What you are asked to do:
Produce as output only the lines below starting at the line with "From left: Sonali" and continuing through the line with "Gri Uzun Kollu Midi Elbise - Görsel 4", each one exactly as written.

Provided material:
□ □ □
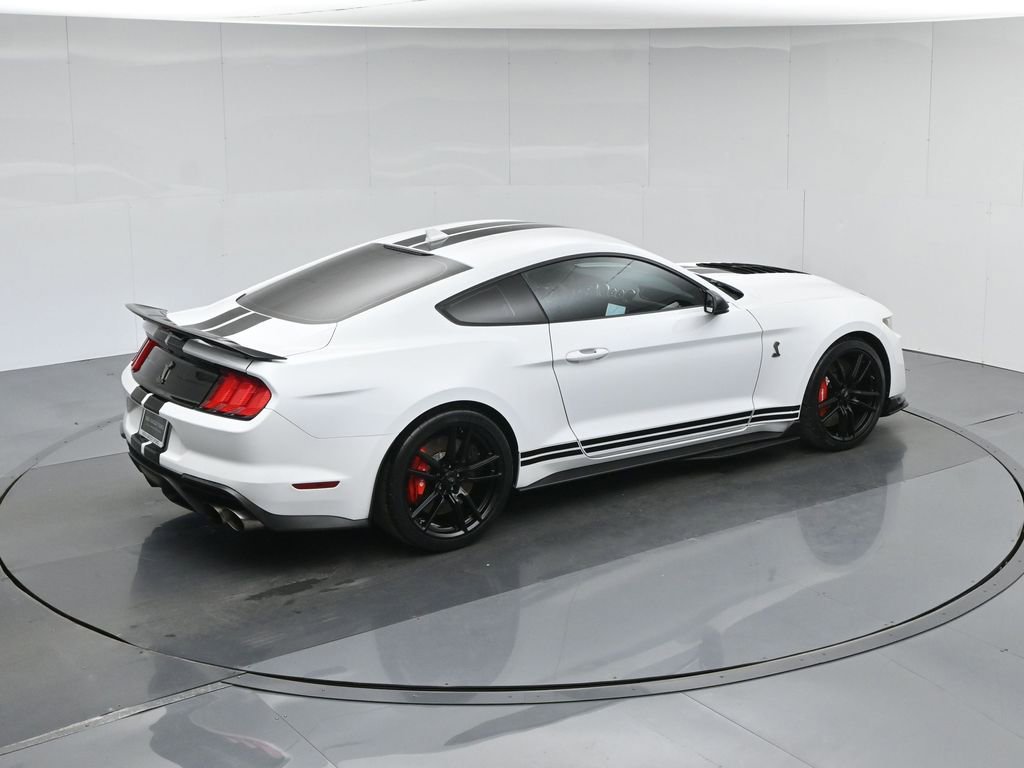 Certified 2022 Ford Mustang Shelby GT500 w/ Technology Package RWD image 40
□ □ □
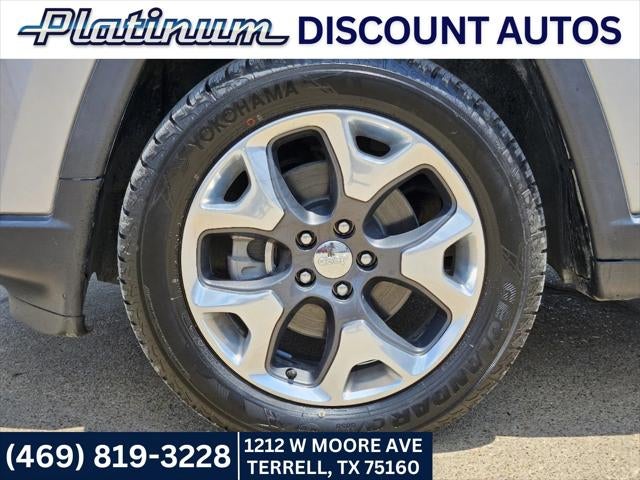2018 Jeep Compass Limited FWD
□ □ □
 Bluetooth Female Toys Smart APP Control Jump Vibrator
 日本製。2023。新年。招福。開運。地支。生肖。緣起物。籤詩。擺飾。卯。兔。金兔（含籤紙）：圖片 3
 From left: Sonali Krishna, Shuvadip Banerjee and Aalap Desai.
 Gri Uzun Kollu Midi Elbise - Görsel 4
□ □ □
Task answer:
 From left: Sonali Krishna, Shuvadip Banerjee and Aalap Desai.
 Gri Uzun Kollu Midi Elbise - Görsel 4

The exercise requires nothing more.